Come scritto in un’analisi su The Week dal conservatore Damon Linker, se da un lato gli americani non hanno dato retta ai democratici e non condividono la loro visione del paese, dall’altro i dem hanno dimostrato di non capire più gli americani. «I democratici non volevano semplicemente vincere e governare, no, volevano condurre una rivoluzione morale per trasformare il paese. Allargare la Corte suprema. Aggiungere Stati che tendono a sinistra. Abolire la polizia. Riscrivere la storia della nazione con la supremazia dei bianchi e il razzismo “al suo vero centro”. Non sorprende che così tanti repubblicani siano andati a votare» e che Trump abbia raccolto quasi 4 milioni di voti in più rispetto al 2016.

SENZA SENATO GOVERNARE È DURA

Il secondo motivo riguarda la mancata conquista del Senato da parte dei democratici. Anche se la matematica ancora non ne affida al 100 per cento il controllo ai repubblicani, come a Trump serve un miracolo per conquistare la Casa Bianca, così a Biden ne serve un altro per prendere il controllo del Campidoglio. La presidenza di Biden ne risulterà di conseguenza azzoppata: senza l’appoggio del Senato non potrà infatti portare avanti le riforme a cui il partito tiene di più. Dalla sanità agli investimenti green, dall’allargamento della Corte suprema alle tasse, i repubblicani potranno bloccare qualunque iniziativa del presidente democratico.

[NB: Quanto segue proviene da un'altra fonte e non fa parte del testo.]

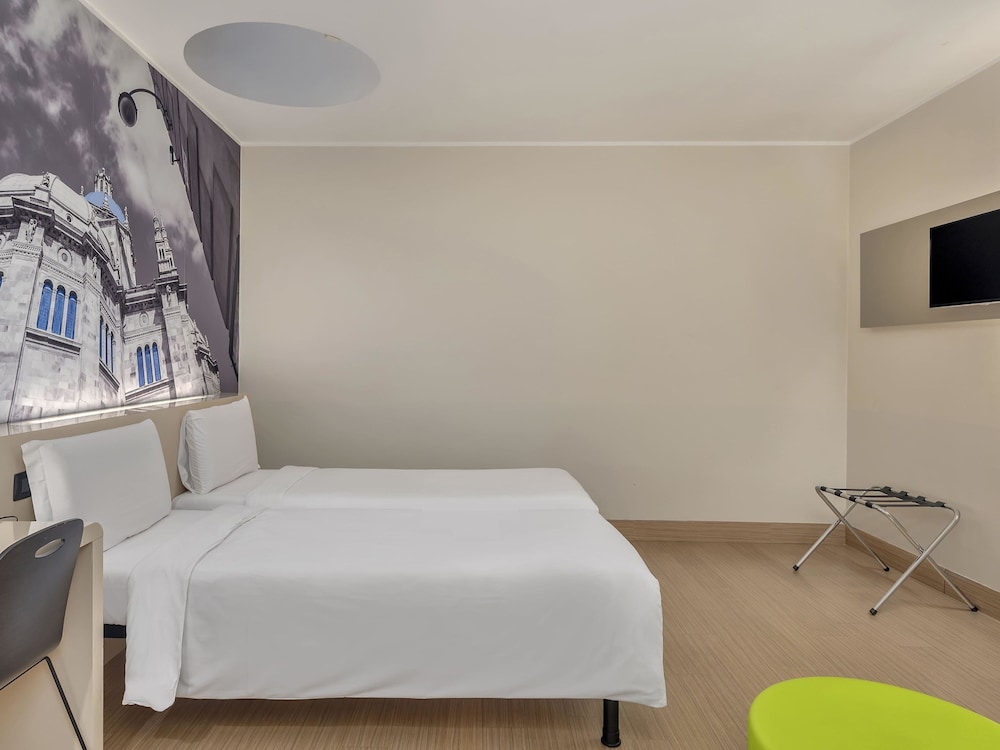 B&B Hotel Como Camerlata — Hotel rooms in Como, Lombardy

Come scrive in un’analisi per il Financial Times Edward Luce: «Che cosa potrebbe dunque fare Biden come presidente? Faticherà a trovare un centro americano che non sembra esistere più. Sarà costretto a scendere a patti con [il leader repubblicano del Senato] McConnell e così si alienerà il sostegno della sinistra democratica. Senza la sua cooperazione, potrà fare ben poco. Avrà spazio di manovra solo in politica estera. Ma il fantasma di Trump continuerà a infestare la sua America».

TRUMP GUADAGNA VOTI TRA LE MINORANZE

Infine, il risultato delle elezioni ha fatto crollare il mito del voto identitario sbandierato dai democratici. Spiega Federico Rampini su Repubblica: «Non si è verificata quella svolta valoriale e culturale che doveva venire dalle proteste anti-razzismo, dopo la morte di George Floyd. È avvenuto il contrario: le posizioni estremiste del movimento Black Lives Matter hanno regalato a Trump successi inaspettati tra gli afroamericani e gli ispanici, dove la piccola borghesia ha temuto le violenze e i saccheggi di una piazza dominata dalle frange radicali».

Trump, nonostante il muro al confine con il Messico e la sua politica su immigrati e clandestini, ha conquistato 160 mila voti in più rispetto al 2016 soltanto tra i latinos di Miami. Ha ottenuto la fiducia dell’elettorato cubano e di quello messicano. Al primo posto negli interessi di queste categorie di elettori c’era l’economia e non la discriminazione o la lotta al razzismo. Trump l’ha capito, i democratici, impegnati a dipingere ogni minoranza etnica come «vittima» e non come americana a tutti gli effetti, no. Come scrive sul Wall Street Journal Mike Gonzales: «La politica identitaria è la grande sconfitta di queste elezioni. L’idea che il paese debba essere diviso in categorie svantaggiate sulla base di razza, nazionalità di origine e sesso – ormai un must del Partito democratico – ha perso dappertutto. Gli elettori hanno dimostrato di sentirsi americani, non vittime, e questo è qualcosa per cui bisogna festeggiare. A prescindere da chi conquisterà la Casa Bianca».

MA QUALE SCONFESSIONE DI TRUMP

Biden riuscirà forse a diventare presidente degli Stati Uniti, ma il Partito democratico non ha sconfitto Trump. Se, come scrive Giuliano Ferrara sul Foglio, «l’unica cosa che contava» per ogni antitrumpiano democratico che si rispetti, «era una sconfessione americana chiara di questi quattro anni indecenti, non c’è stata, tutt’altro». Qualcuno dovrà pur mettere l’ideologia da parte e cominciare a chiedersi perché.